What kind of response was that, Claire wondered. What kind of detective starts hurling questions without first informing you… without offering condolences… Her eyes were already narrowing. The crease between them was beginning to show, the one her friends knew to look out for.

“He passed away last night. In an accident.”

Passed away? Is that the term police departments train their detectives to use?

She glared at him as her heart sped. Her blood pressure was rising quickly.

“This is how you tell me? This is how you tell me my friend is dead? Who are you? How did you even find me? This is my grandmother’s house. How did you know I’d be here?”

“Miss Chastain.” The conciliatory tone meant to soothe her sounded condescending.

“Mizz.”

“What did Gavin say to you?”

“Fuck off.” She shut the door in his face.

She read about the crash later that day on the Washington Post website. One Dead in Single Car Accident. Gavin’s Chevy Equinox had run off a wooded road in Prince George’s County, flipping down an embankment before coming to rest upside down. An early-morning commuter had spotted the car around 5 a.m.

At work that afternoon, she rehearsed in her mind how she would have described the detective to Peter, if Peter were still around to talk to. First was the issue of professionalism, or lack thereof. Can a police detective show basic courtesy? Or is it beneath them to try?

Second, how could that cop have expected her to know at 7:30 a.m. that Gavin was dead when he’d only been found two hours earlier?

And third… Third…

This was what chilled her now as she approached the entrance to the garage on 18th Street. A quick glance in the sideview showed that after two miles and half a dozen turns, the fat goon in the old Lincoln was still behind her.

Third, how did the cop know Gavin had called her? Even if he had Gavin’s phone, he couldn’t have unlocked it to look at the call history because Gavin, the ultraparanoid computer security expert, used a six-digit passcode.

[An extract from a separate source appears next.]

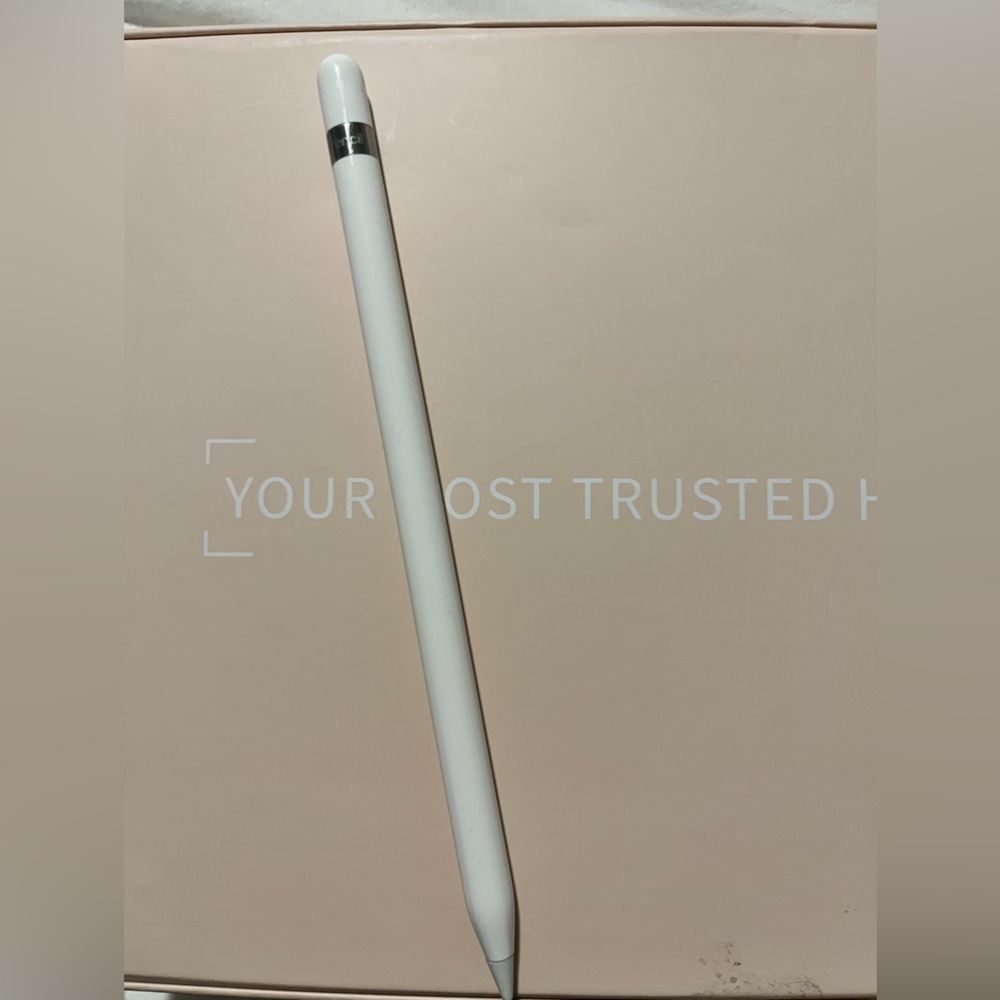 First generation Apple Pencil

The Lincoln didn’t follow her into the underground lot. She checked her mirrors as she descended to the second level, checked them again as she pulled into her spot. She cut the engine and sat quietly for a moment, listening for the knocking of the old Continental. When she was satisfied there was no one else around, she got out.

On the solitary walk from her parking spot to the elevators, a chilling image flashed in her mind—that rude cop pressing Gavin’s dead finger against the phone, scrolling through the call history, finding her name.

She pressed four inside the elevator, watched the doors slide shut, and wondered again what had led the detective to look for the owner of a New York phone number, area code 646, in a house on Oregon Avenue.

If they know he called, she wondered, do they also know what he said? And if they know what he said, why haven’t they been back to follow up?

She had deleted the message, but she remembered it verbatim. His last words to her:

“I’m pretty sure I screwed this up, so I’m passing the torch to you. If worse comes to worst, I know you’ll see this through. Love ya, babe. Sorry for the trouble.”